Articolo pubblicato nel dicembre del 2019.




Il movimento anarchico pratese nel secondo dopoguerra

Nel secondo dopoguerra la massiccia adesione degli operai pratesi al Partito comunista ridusse praticamente a zero lo spazio politico occupato dagli anarchici. Morto nel 1957 Anchise Ciulli – una delle figure “storiche” del movimento libertario locale, che non aveva mai cessato del tutto l’attività politica e sindacale – l’anarchismo  attraversò in città un periodo di crisi, per rianimarsi sull’onda del Sessantotto e conoscere poi una nuova fase di riflusso insieme con tutti i gruppi della sinistra rivoluzionaria. Su questi temi abbiamo realizzato un’intervista con Federico Sarti, attivo nel movimento anarchico pratese negli anni Settanta. Ne proponiamo il testo ai lettori di ToscanaNovecento.

  

Nel secondo dopoguerra il movimento anarchico attraversò in Italia una fase di crisi che durò almeno fino al Sessantotto. Ciò vale anche per Prato?

Sì, sicuramente. Senza il Sessantotto con tutti i suoi fermenti, con la sua carica contestataria e, in fondo, libertaria, non ci sarebbe stata, neanche qui, una ripresa del movimento.

Che cosa puoi dirci a proposito di tale ripresa?

So che verso la fine degli anni Sessanta si costituì in città un gruppo anarchico che portava il nome di Gaetano Bresci. Io non ne ho fatto parte e non posso dire nulla di preciso sulla sua attività, ma il gruppo è esistito con certezza, tanto è vero che ne conoscevo all’epoca tre componenti.

E poi? In città si formarono altri gruppi?

Sì. Successivamente, nell’inverno del 1975, dall’incontro di alcune persone che si dichiaravano anarchiche, nacque un secondo gruppo a cui sono appartenuto anch’io (detto per inciso, io mi sono avvicinato all’anarchismo partendo da posizioni marxiste-leniniste). Questo gruppo, che non ebbe mai un nome, arrivò a contare una dozzina di membri, studenti ed operai, tutti intorno ai vent’anni (e anche meno). Molto rilevante era la presenza femminile: tra i componenti del gruppo figuravano infatti ben sei compagne.
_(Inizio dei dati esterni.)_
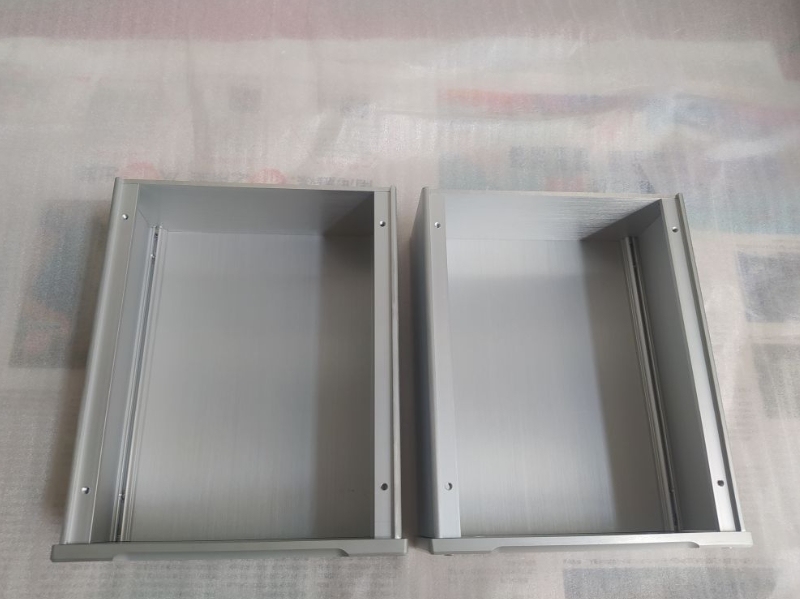 JY 1707 silver full aluminum amplifier chassis headphone amp case decoder box HIFI DIY preamp Enclosure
Il nucleo – che era vicino alle posizioni della Federazione comunista anarchica (FCA) ed esplicava la sua attività solo sul piano teorico – ebbe contatti con i compagni di Firenze (Crescita politica), Pistoia, Arezzo ed altre città toscane e decise di sciogliersi in seguito ad una consultazione interna perché la maggioranza (solo io votai contro lo scioglimento) riteneva che non ci fosse la possibilità di un inserimento proficuo nel tessuto sociale cittadino. Questo accadde nella prima metà del 1977, ma poco dopo in città si formò un terzo gruppo.

scansione0004Ce ne vuoi parlare?

La riunione costitutiva di questo nuovo gruppo, che assunse il nome di Coordinamento lavoratori comunisti anarchici, si svolse il 23 giugno 1977. Gli aderenti erano in tutto una dozzina, fra cui due donne. Nel corso della riunione costitutiva fu deciso di articolare l’organizzazione in tre gruppi di studio: uno sul decentramento produttivo (formato da tre persone), uno su ambiente e lavoro ( quattro persone) ed uno che si occupava di equo canone (quattro persone). Nell’occasione fu deciso di tenere un’assemblea di gruppo nei giorni di lunedì, mercoledì e venerdì e un’assemblea generale il martedì. I membri dovevano versare una quota mensile di cinquemila lire. Il gruppo disponeva anche di un cassiere per redigere i bilanci trimestrali.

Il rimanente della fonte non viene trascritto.